|Show me the money!|
|I don't know the procedure for getting formal HMRC approval, but I'd be pretty certain that it too costs! Even if HMRC don't charge for it, the advisers needed to prepare the application will...
The point being that on the assumption that finishing winding up the company is only months away, waiting until then and distributing the cash under well-established rules may well be the cheapest option. If it's years away, some other plan is probably called for. And while we're very uncertain about how far away it is and the directors cannot be entirely certain either, they have to take some sort of view on the question when deciding what to do with the cash in the company...
|There's no problem with them paying it out as dividends just that large shareholders holding outside tax shelters tend to prefer capital distributions because their effective tax rate tends to be lower for capital gains. I think we are all surprised that HMRC have not given approval for an interim capital distribution here since selling businesses and property as part of a business wind up is pretty clearly not profits from normal trading but that is where we are.
I still think a tender offer would be an effective way of managing the situation.|
|That only works if the company also gets the 'B' shares listed - which is fairly expensive! Not all that significant compared with the amount of cash involved for a big company, potentially a lot more so for a small company.
Also, the attraction of the usual type of B share scheme used to be that it gave UK shareholders the choice of receiving their cash as a dividend payment (taxed by Income Tax) or a capital payment (taxed by CGT). Depending on the shareholder's tax situation, either could be better, so giving shareholders the choice rather than the company making a single decision that would apply to all shareholders was of overall benefit to the shareholders collectively - which could justify using a more expensive method of distributing the cash.

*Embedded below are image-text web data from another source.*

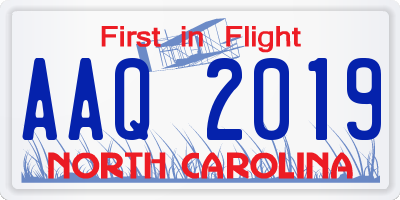 NC license plate AAQ2019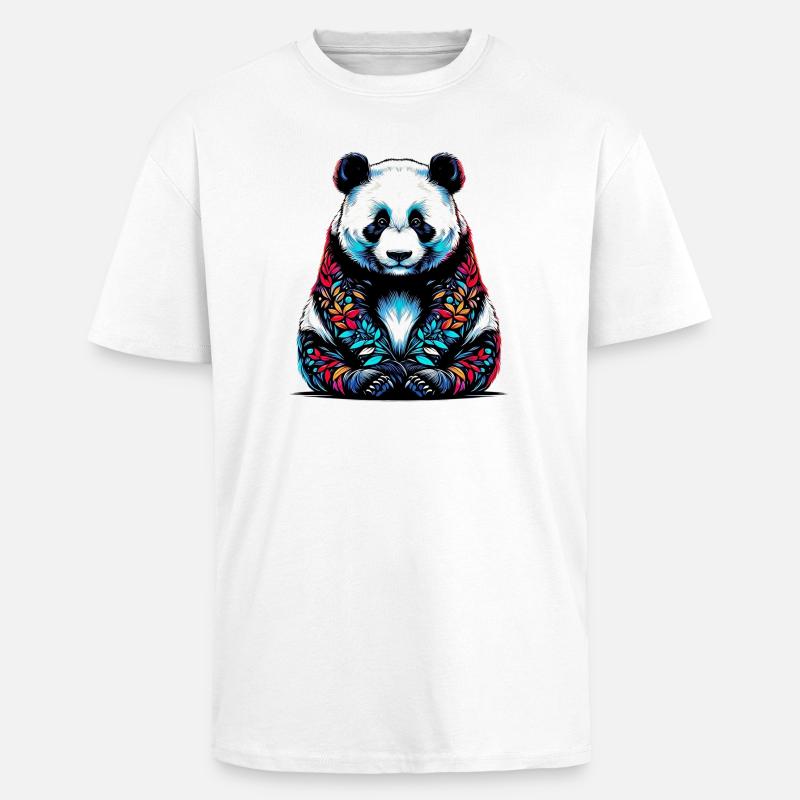 Panda - T-shirt unisexe oversize épais - blanc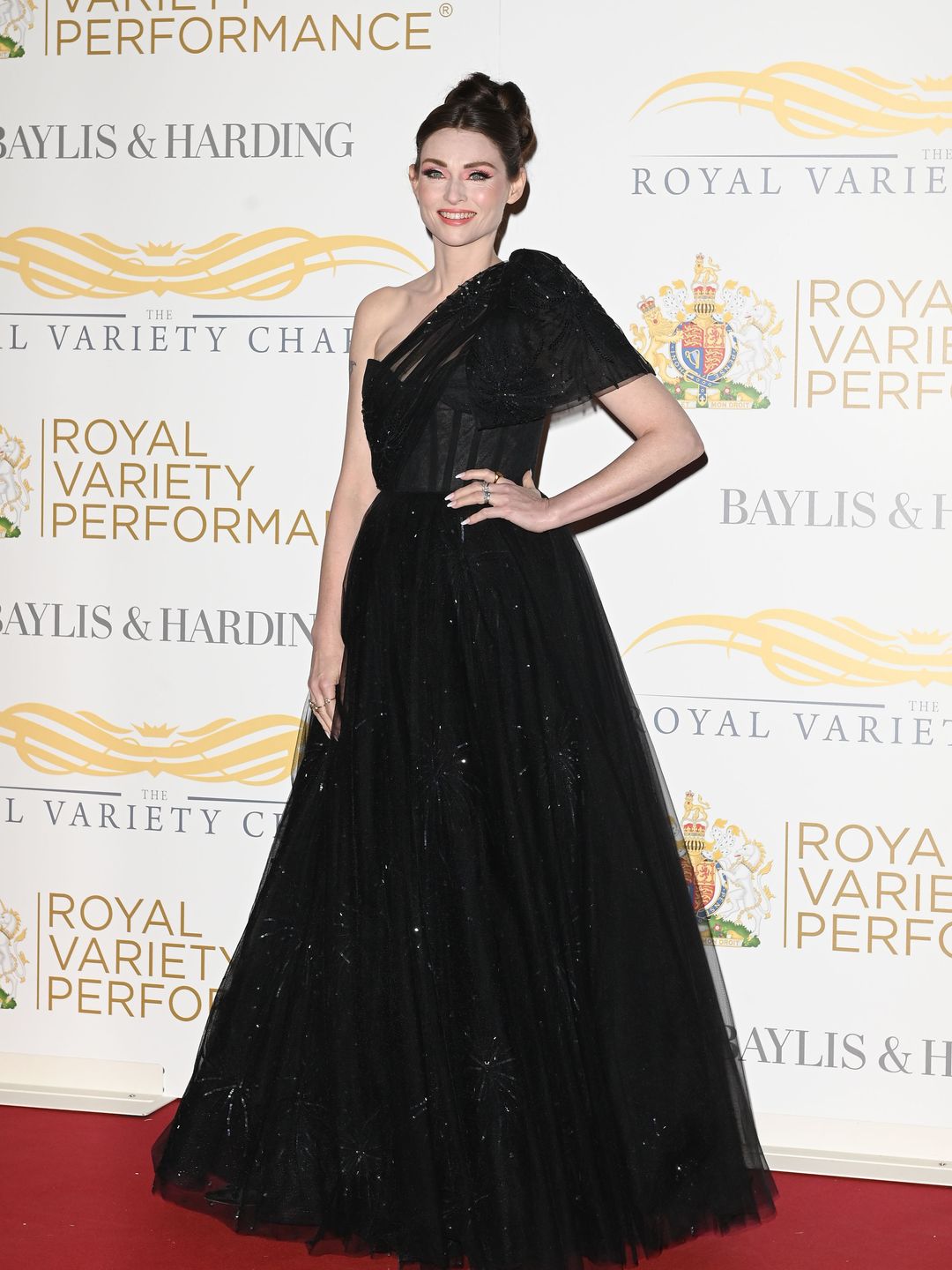 Sophie Ellis-Bextor in a black off-the-shoulder gown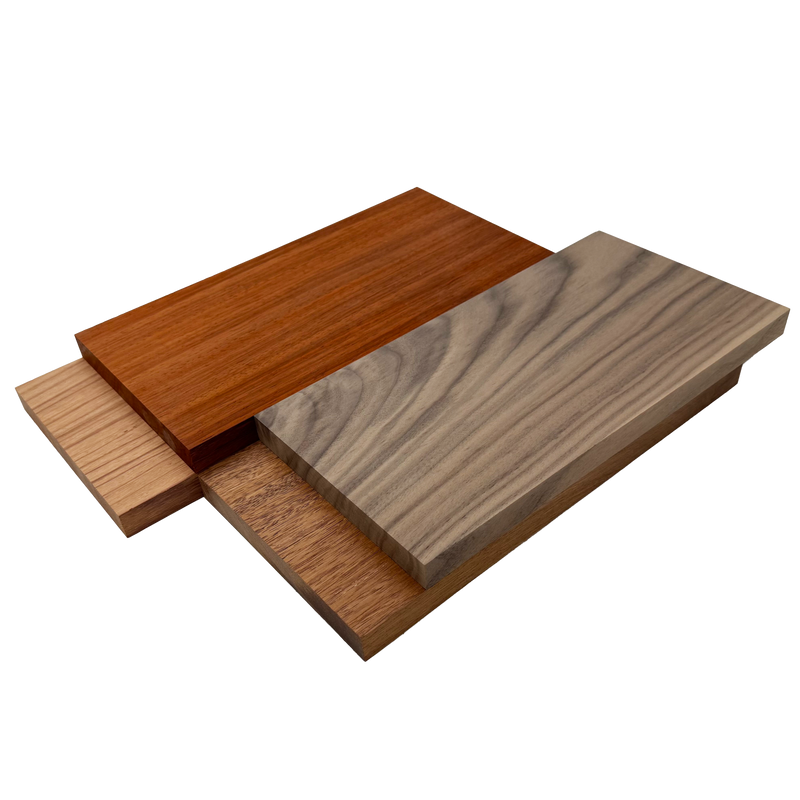 Imported Exotic Hardwood Variety Pack - Padauk, Red Zebrawood, Merbau, and Walnut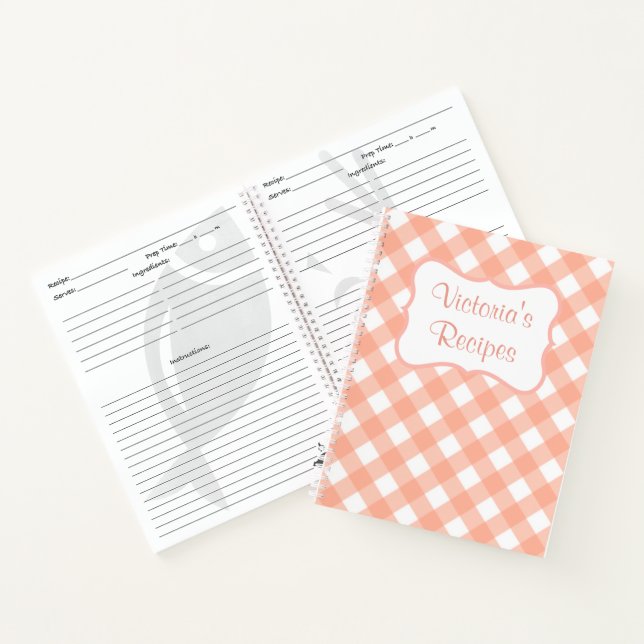 Cuaderno Regalo para portátiles de cocina con receta person (Interior)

But the government stopped such schemes (IIRC when the 2015/2016 tax year started in April 2015) by adding tax rules that essentially say that if a company offers its shareholders a choice of dividend or capital payments, the payment will be taxed by Income Tax regardless. B share schemes have become a lot less popular since then!
|Some companies go for a 'B' share where the holders can then sell at their convenience.|
|Thank you guys. Really appreciate your time and wisdom.
|... One last thing that springs to mind is that even if not, would it be an issue for holdings within an ISA / SIPP. ...
Provided you're only a taxpayer in the UK and not anywhere else, only very indirectly - tax issues affect what the company does, which affects you... But there won't be any Income Tax or CGT to pay inside an ISA or SIPP, no matter what the company does.
If by any chance you're a taxpayer in some other country, either instead of or as well as the UK, holdings in an ISA almost certainly will be subject to whatever of that country's taxes apply - I don't know of any other country that regards ISAs as a shelter from its taxes. There's a better chance of a SIPP doing so - other countries have pension tax shelters and may recognise a SIPP (or other UK pension) as the equivalent of one of them.
There are however an awful lot of countries the other country could be, and my knowledge of their tax systems ranges from non-existent to minimal, so I won't be able to answer any specific questions about them - basically all I know about the issue is the above generalities and that if the issue of foreign tax were to start to apply to me, I would need to get specialist tax advice!
My impression was the board was being very cautious, sought assurances from HMRC (which weren't forthcoming). There would be no tax issues with holdings in ISA's (subject to Gengulphus clarication :-)) but I think potential issues with the family stake (54% of company) caused them to take a step back. All the work has been done regarding a distribution so it could be resurrected quickly if/when confidence on tax treatment obtained.|
|A tender offer definitely makes sense. I think they should just keep it simple. Pitch it at Net Cash + what they think is a conservative value of the remaining businesses/property. Everybody has an incentive to tender now unless it negatively impacts their tax situation, everyone is scaled back, achieves exactly the same as a capital distribution.|
Yes, a tender offer is basically a form of buying back shares - but one where the purchases are done off-market by a corporate action.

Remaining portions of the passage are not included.